Page 160 - Journal of Library Science in China 2020 Vol.46
P. 160
159
Extended English abstracts of articles published in the Chinese edition of Journal of Library Science in China, Vol.46, 2020 159
The development of the thesaurus is a foundation work of information resource management
of Dunhuang murals, which can not only provides a controlled and structured vocabulary
for the standardized information resource organization of Dunhuang murals, but also
provides a clear knowledge system for Dunhuang murals researches. In order to speed up the
construction of thesaurus and meet the needs of dynamic updating of knowledge organization,
the development of thesaurus needs to adopt the machine assisted semi-automatic cooperative
development strategy, and give full play to the advantages of machine and experts, and
realizes the rapid development and maintenance of thesaurus through human-computer
cooperation.
This paper presents the method and procedure of the constructing and linked data publishing
of Dunhuang mural thesaurus.

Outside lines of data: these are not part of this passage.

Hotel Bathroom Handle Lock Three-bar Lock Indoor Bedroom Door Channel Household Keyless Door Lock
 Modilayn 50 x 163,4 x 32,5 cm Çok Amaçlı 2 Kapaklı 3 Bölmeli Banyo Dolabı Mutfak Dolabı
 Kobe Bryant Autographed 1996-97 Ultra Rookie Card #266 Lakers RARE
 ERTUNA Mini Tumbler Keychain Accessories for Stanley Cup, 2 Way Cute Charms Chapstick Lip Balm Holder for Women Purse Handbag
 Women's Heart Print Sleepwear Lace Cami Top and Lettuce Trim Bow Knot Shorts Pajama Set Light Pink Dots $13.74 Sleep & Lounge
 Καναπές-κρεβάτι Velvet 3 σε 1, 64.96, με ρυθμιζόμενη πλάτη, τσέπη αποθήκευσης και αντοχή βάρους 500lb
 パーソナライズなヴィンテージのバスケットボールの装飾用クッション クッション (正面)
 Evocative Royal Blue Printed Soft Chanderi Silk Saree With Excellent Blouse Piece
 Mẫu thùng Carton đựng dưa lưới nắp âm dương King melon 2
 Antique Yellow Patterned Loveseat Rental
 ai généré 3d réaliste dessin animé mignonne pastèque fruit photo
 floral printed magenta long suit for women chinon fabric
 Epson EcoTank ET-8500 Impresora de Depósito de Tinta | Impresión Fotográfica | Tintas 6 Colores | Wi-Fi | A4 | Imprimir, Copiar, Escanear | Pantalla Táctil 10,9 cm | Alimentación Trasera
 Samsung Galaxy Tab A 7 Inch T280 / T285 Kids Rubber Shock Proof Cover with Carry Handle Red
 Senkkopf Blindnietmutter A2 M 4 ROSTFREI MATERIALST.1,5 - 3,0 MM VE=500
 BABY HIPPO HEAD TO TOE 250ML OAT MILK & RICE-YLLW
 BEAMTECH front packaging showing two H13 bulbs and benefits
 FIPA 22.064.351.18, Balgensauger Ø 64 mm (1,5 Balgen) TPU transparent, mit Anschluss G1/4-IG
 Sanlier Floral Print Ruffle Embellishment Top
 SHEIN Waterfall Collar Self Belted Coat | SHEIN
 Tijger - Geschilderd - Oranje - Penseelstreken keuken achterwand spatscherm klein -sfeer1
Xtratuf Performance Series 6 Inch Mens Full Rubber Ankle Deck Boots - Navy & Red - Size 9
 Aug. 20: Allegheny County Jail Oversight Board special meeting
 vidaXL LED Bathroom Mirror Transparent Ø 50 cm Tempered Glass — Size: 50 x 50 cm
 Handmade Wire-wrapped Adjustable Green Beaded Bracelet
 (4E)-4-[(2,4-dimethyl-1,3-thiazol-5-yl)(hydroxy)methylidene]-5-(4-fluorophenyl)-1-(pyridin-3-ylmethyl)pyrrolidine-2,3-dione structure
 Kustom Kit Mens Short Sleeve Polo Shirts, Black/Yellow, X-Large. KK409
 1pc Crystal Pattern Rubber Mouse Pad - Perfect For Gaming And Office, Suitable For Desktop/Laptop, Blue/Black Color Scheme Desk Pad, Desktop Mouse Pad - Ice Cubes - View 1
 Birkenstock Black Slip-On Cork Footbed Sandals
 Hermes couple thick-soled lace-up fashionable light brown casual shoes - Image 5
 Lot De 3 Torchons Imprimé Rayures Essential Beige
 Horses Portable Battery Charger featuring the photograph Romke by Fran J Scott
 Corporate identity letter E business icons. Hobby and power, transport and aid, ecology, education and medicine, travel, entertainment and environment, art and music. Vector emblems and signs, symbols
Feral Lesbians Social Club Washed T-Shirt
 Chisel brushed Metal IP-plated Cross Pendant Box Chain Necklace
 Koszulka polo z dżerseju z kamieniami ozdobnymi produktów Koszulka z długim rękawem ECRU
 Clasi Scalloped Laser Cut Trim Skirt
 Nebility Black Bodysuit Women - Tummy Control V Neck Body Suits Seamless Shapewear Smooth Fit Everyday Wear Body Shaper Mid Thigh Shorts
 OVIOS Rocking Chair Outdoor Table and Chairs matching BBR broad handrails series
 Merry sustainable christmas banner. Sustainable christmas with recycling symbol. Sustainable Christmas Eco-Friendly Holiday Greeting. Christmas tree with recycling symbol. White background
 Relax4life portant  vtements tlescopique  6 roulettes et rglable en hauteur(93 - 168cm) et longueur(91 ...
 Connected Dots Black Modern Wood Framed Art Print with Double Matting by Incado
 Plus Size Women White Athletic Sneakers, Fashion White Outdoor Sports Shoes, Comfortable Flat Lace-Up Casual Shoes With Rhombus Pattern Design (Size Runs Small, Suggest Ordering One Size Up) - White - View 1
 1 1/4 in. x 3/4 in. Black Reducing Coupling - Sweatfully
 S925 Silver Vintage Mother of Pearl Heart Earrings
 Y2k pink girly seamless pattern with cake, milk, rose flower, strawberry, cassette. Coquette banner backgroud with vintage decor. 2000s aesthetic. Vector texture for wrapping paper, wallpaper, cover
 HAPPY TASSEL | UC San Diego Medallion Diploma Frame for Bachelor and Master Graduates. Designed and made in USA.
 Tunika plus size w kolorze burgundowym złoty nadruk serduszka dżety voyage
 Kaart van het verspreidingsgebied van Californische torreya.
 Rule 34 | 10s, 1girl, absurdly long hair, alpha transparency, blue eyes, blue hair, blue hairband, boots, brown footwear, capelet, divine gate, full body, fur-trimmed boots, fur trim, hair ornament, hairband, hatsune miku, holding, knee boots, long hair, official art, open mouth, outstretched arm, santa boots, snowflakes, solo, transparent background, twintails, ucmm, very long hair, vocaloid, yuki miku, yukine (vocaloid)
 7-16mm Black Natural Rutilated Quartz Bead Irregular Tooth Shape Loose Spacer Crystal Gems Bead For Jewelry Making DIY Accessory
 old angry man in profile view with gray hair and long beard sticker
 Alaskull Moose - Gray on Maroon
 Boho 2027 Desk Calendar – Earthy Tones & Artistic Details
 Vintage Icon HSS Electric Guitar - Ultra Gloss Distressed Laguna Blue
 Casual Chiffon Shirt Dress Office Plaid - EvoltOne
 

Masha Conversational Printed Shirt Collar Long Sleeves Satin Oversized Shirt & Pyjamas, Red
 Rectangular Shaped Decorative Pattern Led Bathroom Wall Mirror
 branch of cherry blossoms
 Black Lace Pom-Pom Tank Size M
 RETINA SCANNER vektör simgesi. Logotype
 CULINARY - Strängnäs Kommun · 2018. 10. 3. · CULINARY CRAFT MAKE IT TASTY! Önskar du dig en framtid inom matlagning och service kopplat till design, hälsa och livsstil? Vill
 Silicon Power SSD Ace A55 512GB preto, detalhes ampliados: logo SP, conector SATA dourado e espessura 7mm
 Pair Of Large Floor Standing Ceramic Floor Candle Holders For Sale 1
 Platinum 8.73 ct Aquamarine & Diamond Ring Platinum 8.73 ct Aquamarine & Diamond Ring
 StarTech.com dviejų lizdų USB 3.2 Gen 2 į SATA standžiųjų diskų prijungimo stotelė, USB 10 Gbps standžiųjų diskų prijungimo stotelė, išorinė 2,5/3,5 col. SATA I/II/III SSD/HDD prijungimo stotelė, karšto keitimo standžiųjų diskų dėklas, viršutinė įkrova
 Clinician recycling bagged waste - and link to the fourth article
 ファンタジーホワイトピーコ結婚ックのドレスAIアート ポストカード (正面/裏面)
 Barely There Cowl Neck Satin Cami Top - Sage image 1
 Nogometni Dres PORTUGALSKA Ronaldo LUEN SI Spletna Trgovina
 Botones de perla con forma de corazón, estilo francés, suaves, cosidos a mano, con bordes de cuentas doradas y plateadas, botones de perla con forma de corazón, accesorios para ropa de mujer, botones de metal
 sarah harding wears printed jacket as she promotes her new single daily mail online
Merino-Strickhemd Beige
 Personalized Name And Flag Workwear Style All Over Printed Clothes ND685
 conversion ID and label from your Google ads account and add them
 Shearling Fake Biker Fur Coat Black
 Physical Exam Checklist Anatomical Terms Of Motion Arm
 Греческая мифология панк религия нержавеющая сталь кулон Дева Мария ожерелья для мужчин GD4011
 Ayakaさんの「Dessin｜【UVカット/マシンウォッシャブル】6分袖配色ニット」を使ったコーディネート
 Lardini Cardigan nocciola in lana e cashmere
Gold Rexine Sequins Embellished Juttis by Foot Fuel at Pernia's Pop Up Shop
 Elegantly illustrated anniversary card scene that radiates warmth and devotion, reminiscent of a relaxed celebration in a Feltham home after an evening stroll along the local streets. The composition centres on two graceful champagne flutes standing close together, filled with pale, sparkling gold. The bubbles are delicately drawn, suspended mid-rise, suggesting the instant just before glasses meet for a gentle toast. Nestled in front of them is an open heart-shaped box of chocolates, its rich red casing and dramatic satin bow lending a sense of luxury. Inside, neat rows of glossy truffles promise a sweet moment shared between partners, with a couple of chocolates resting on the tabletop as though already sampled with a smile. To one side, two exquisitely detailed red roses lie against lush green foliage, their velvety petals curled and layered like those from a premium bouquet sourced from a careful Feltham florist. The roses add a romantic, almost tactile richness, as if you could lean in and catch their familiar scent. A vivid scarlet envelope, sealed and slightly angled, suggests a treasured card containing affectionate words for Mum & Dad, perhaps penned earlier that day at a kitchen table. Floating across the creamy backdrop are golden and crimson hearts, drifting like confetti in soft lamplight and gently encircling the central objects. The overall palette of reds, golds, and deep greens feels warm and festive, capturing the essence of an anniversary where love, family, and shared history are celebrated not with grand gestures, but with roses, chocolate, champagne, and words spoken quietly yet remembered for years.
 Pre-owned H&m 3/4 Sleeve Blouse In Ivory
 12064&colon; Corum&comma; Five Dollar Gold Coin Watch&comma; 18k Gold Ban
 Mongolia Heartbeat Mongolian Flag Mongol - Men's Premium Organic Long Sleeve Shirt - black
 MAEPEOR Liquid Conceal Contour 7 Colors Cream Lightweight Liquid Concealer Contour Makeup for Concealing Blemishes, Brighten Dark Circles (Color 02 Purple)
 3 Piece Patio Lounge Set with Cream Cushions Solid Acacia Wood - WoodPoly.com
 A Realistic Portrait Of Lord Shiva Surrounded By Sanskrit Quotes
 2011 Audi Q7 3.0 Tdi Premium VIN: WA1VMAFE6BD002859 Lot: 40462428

A combination of top-down and bottom-up approach was used to
develop the thesaurus. The top-down approach starts at the higher-level categories, and establishes
a general framework for the thesaurus based on the objectives of the thesaurus. The basic structure
of the thesaurus was developed by referring to the fundamental dictionary of Dunhuang studies
and Art & Architecture Thesaurus (AAT). The thesaurus contains 5 facets including agents,
objects, activities, time and physical attributes. Sub-categories were defined for each facet with
total 25 second-level categories. The bottom-up approach builds up lower-level categories from
the concepts extracted from the corpus with the help of natural language processing technology,
and through the process of manually grouping and classification of the terms, definition of the
semantic relations, adjustment and optimization of the structure. At present, Dunhuang mural
thesaurus contains 4276 terms. After that, this paper studied and implemented linked data
publishing of the Dunhuang mural thesaurus. The thesaurus was semantically represented and
described with SKOS model, and the terms were mapped to AAT concepts using the SPARQL
query. Finally, about 21.2% of the terms was linked to AAT. In the meantime, a linked data service
platform of Dunhuang mural thesaurus was produced, providing concepts browsing, term retrieval,
visualization, open data service, etc.
The originality of this research lies in the compilation of a controlled vocabulary for the
Dunhuang murals with standard specific semantic relations and authoritative multi-source scope
notes. The thesaurus comprehensively covers mural protection and restoration, archaeology,
iconography, human geography and other research perspectives. The construction of Dunhuang
mural thesaurus lays an important foundation for the semantic annotation, information retrieval and
knowledge organization of Dunhuang mural digital resource. It also has an important exemplary
significance for the development of smart data resources in the field of cultural heritage in China.
The future work contains further studies to improve the thesaurus’ structure, categories, and terms.
Systematic evaluation of the thesaurus remains to be studied.